### SUPPLIED RECORDS

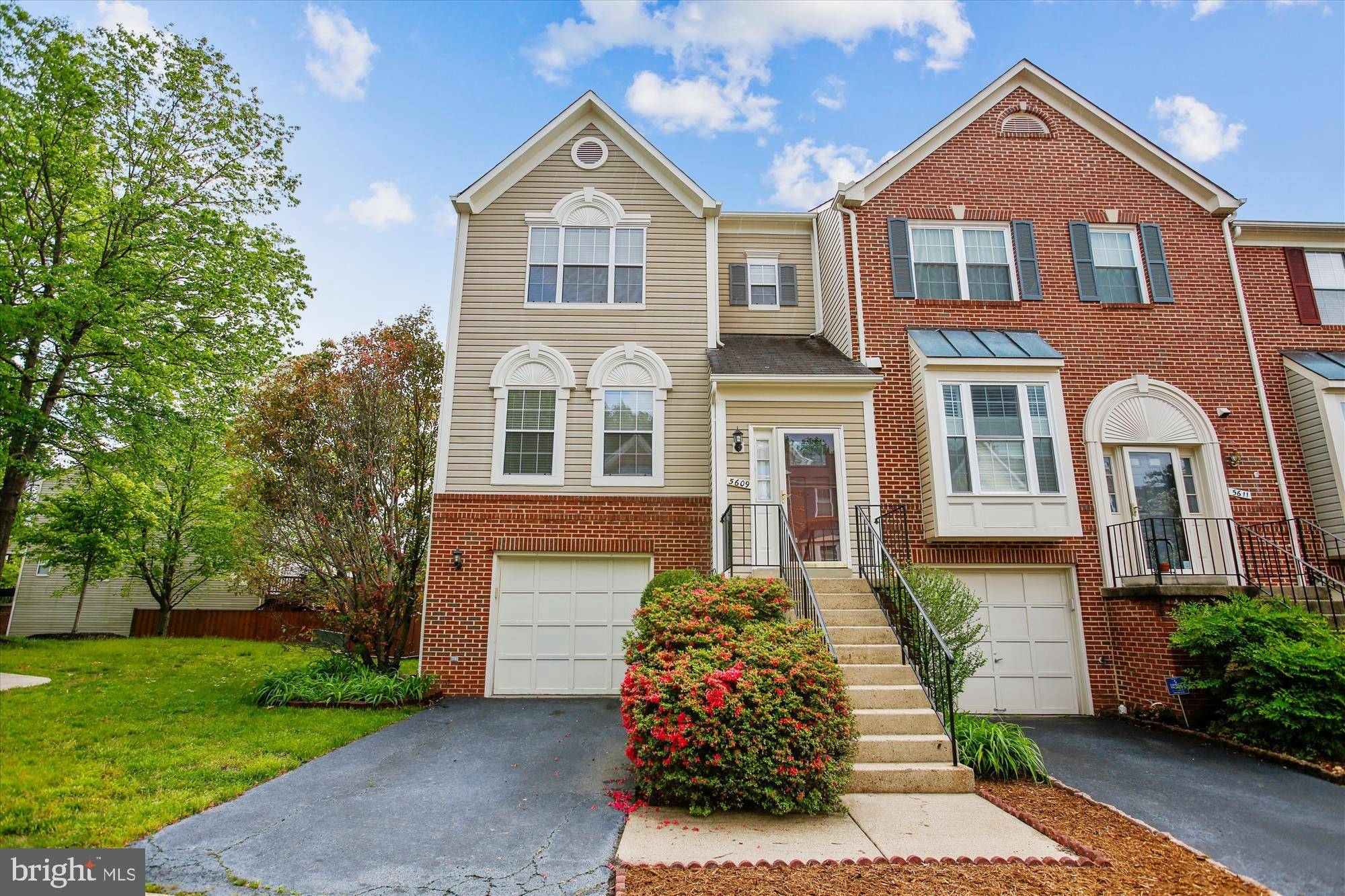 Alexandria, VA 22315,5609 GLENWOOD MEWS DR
...
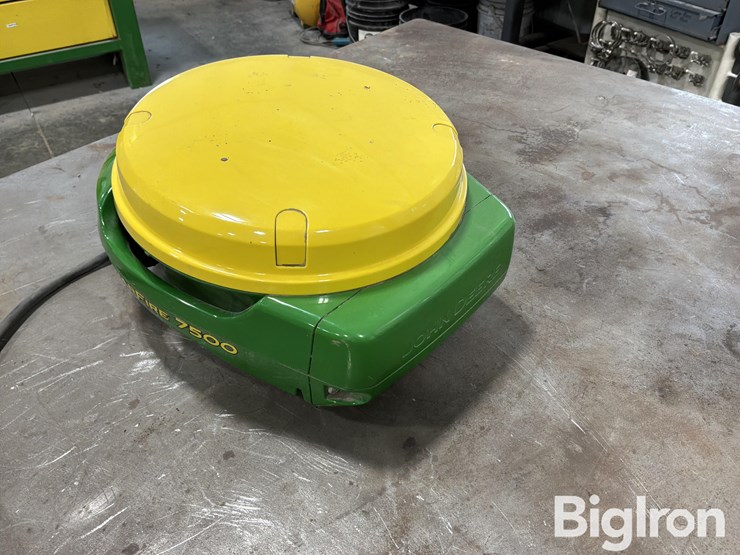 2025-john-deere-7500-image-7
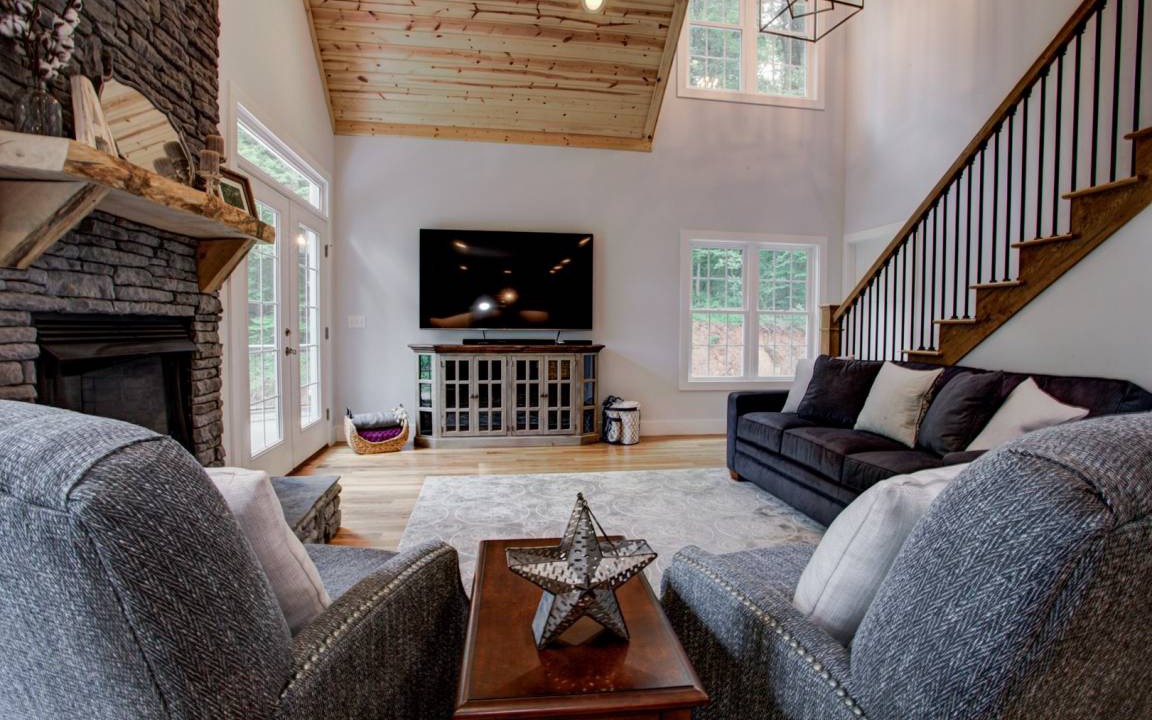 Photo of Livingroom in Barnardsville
* * *
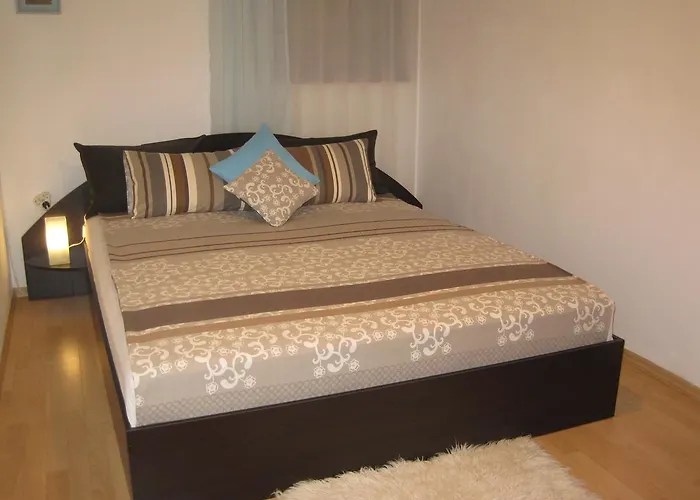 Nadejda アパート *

### WHAT IS BEING ASKED
Among the entries above, take the line with "2025-john-deere-7500-image-7", the line with "Photo of Livingroom in Barnardsville", and all the lines between them, and restate them word for word without pictures.

### REPLY
 2025-john-deere-7500-image-7
 Photo of Livingroom in Barnardsville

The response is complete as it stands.